Belfast Telegraph

Teenager Amy Uprichard defied cancer and chemo to fulfil her ballet dream


Nothing was going to stand in the way of Amy Uprichard's dreams of becoming a star ballet dancer.

Not even when the teenager was facing a shock diagnosis of cancer.

The 17-year-old was undergoing chemotherapy last year when the chance to audition for the English Youth Ballet came up.

She knew it was too good an opportunity to pass up – so made an impassioned plea to doctors for a break from chemotherapy so she could try out for an upcoming production of The Sleeping Beauty. Her determination and bravery paid off.

The teen, who was diagnosed with acute myeloid leukaemia in May last year, will be performing at the Grand Opera House later this month after she bagged a coveted role as a soloist in November.
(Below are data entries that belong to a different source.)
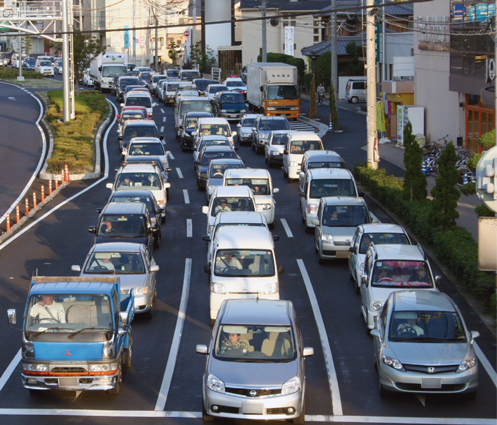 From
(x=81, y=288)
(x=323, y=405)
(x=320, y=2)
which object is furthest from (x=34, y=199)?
(x=320, y=2)

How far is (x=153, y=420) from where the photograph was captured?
11805mm

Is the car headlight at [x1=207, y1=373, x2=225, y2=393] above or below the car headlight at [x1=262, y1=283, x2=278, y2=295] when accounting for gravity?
below

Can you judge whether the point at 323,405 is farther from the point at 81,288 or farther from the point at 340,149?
the point at 340,149

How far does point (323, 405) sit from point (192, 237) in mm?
12931

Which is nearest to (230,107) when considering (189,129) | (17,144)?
(189,129)

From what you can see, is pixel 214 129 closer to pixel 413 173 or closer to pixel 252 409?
pixel 413 173

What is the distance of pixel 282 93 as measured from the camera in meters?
50.3

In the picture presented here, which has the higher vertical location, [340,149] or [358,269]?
[340,149]

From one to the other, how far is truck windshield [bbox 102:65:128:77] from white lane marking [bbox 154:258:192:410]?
52.5 m

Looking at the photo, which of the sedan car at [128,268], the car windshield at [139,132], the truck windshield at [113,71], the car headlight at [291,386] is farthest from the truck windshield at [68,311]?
the truck windshield at [113,71]

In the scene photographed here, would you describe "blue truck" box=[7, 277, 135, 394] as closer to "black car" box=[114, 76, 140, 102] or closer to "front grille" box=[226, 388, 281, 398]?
"front grille" box=[226, 388, 281, 398]

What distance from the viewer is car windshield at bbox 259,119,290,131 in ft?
132

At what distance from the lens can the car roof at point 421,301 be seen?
13438 millimetres

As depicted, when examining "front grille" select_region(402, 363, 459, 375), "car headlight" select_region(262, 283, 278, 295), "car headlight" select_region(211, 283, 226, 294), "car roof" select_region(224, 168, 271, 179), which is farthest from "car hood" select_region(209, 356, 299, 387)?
"car roof" select_region(224, 168, 271, 179) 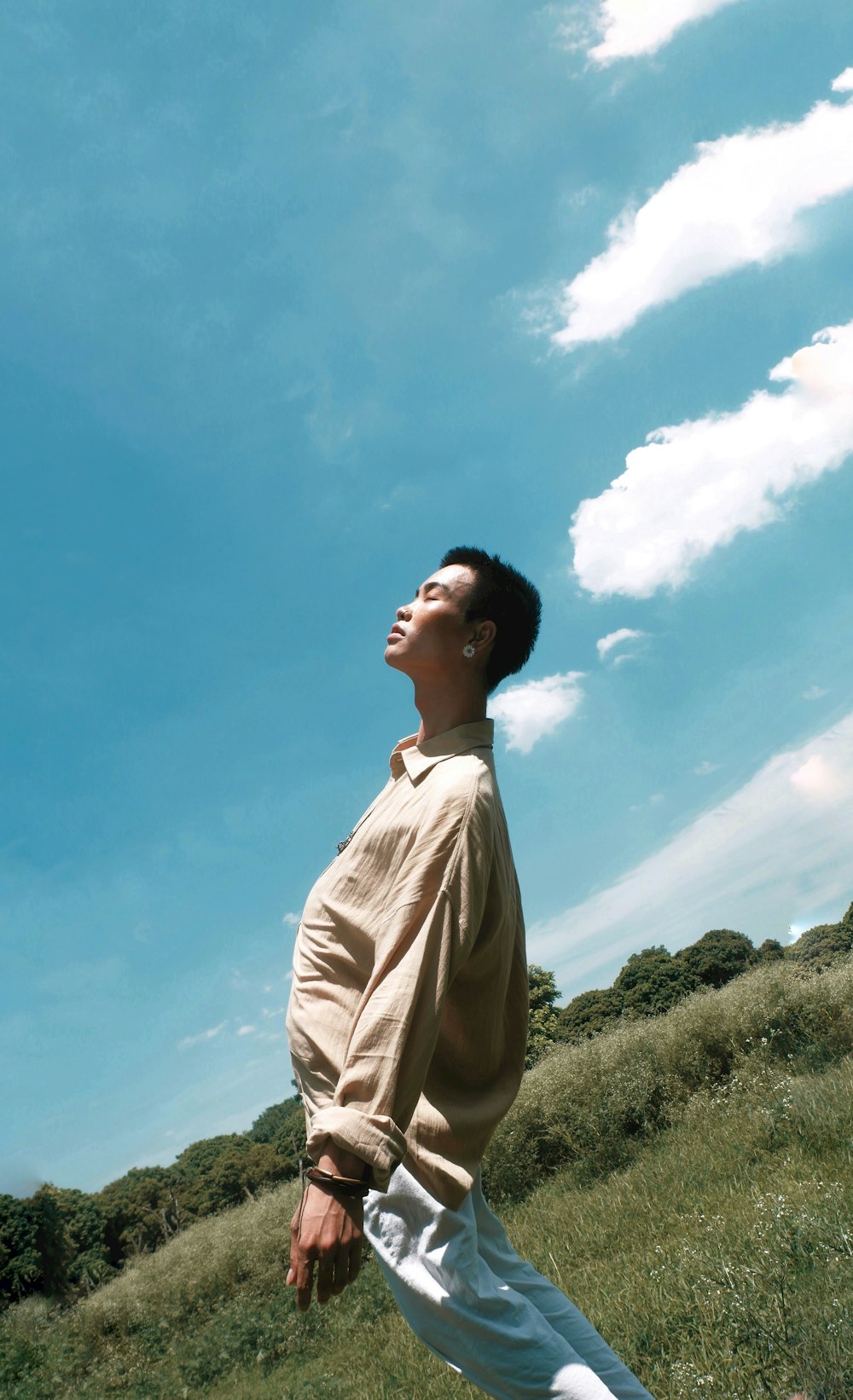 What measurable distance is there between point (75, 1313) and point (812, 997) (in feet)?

Amy explained that nothing was going to stand in her way.

"I just said to my doctor that it was something that I would love to do and there aren't many opportunities like this," she said. "He said that as long as I felt fine, he was happy enough to let me go.

"He told me that I would have to go straight from the hospital during the chemo and come straight back again after the audition to carry on the treatment."

Amy's mother brought her dance kit to hospital and then straight to the audition for the Grand Opera House. Amy started treatment a couple of days after diagnosis at the Belfast City Hospital in 2013 and had to spend five weeks in hospital because of immune system problems.

"I still got up and danced around the ward though," she said.

"The chemotherapy started off for the first 10 days and that would wipe out my immune system so it had to be built back up before I was allowed to leave hospital.

"I had four sessions of chemotherapy in all – May, July, September and the last treatment which was the strongest of them all was in November.

"It was during that last treatment that I went to the audition for The Sleeping Beauty."

The adrenalin-fuelled audition for The Sleeping Beauty went well and now Amy is taking part in three shows at the Grand Opera House in Belfast on April 25 and 26. "At the audition I felt really strong and I actually came out of it really pleased with how I did," explained Amy.

"I didn't think that I would've lasted the whole time, especially with the amount of people there was at the audition.

"I think I got by on the adrenaline actually as I was thinking 'I really want this!'

"My mum and my two sisters all watched the audition and I think my mum was nervous that my energy might not last."

She was particularly pleased to be offered a prestigious solo role.

"I dance as one of Aurora's Relatives in the prologue and Act I and then I dance in the Jewel Ballet in Act III and I have a solo which I haven't started rehearsing yet," she said. "I'm really excited as I have never performed a ballet solo on a big stage before."

Dancing with EYB has given Amy confidence and she is determined to pursue dance as a career.

"Last year I was meant to go to ballet school in Scotland at a professional college called Ballet West but my illness meant that I couldn't take up the place," she said.

"I would love to be a professional ballet dancer."

Following medical tests at the start of the year, Amy was informed there was no cancer in her bone marrow and she is now tested every six weeks.